Every IdP use their private key to sign their access token and give you an endpoint to find their public key to verify that a token is really issued by them.
This is true, but audience is a free-text value field at kubernetes. On kubernetes, you get signed a token with any aud value of your choice.
For example:
apiVersion: v1
kind: Pod
metadata:
name: nginx
spec:
containers:
- image: nginx
name: nginx
volumeMounts:
- mountPath: /var/run/secrets/tokens
name: vault-token
serviceAccountName: build-robot
volumes:
- name: vault-token
projected:
sources:
- serviceAccountToken:
path: vault-token
expirationSeconds: 7200
audience: vault
In that case, the aud value is vault here. As I know, I can put any value of my choice here and it gets signed.
oidc standard provider
But Kubernetes isn't OIDC standard provider and doesn't want to be, maybe doesn't have to be.
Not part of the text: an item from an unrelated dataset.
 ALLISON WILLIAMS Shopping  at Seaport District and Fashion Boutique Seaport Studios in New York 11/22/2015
In terms of OAuth2, the aud claim has a different purpose (https://www.rfc-editor.org/rfc/rfc7519#section-4.1.3)
The "aud" (audience) claim identifies the recipients that the JWT is intended for.
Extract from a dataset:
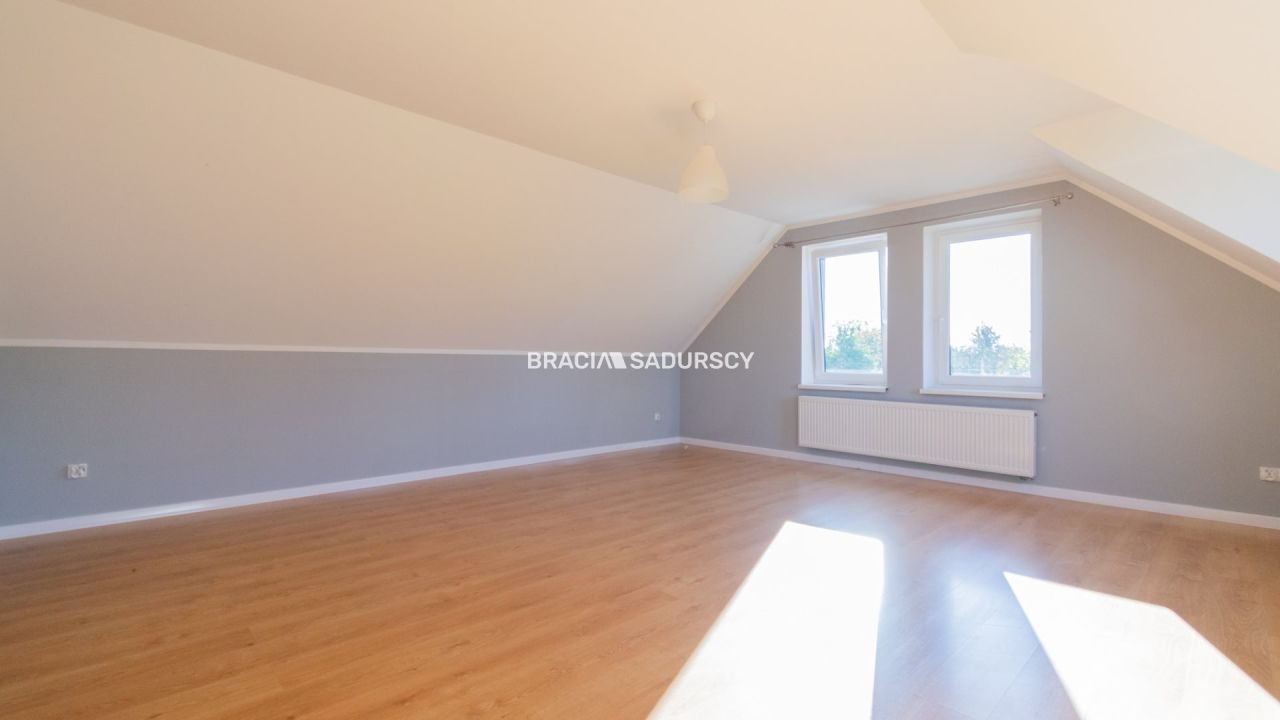 bliźniak, 6 pokoi Wola Luborzycka. Zdjęcie 16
That the reason, why the aud claim in Kubernetes and Entra ID is free to choice (Note: Not talking about end-user token, more token about identity (machine) tokens). For example in Entra ID, the aud claim must be https://management.azure.com/
, if I want to use the token to authenticated against https://management.azure.com/ and has no link against the clientID
From OAuth2 point of view, there is link to the clientID.
Based on your comment, extra-jwt-issuers
is designed for OIDC compatible provider and should not used for OAuth2 Providers, like Kubernetes.
A flag like extra-jwt-issuers
, but using the sub claim instead the aud claim would be feasible solution.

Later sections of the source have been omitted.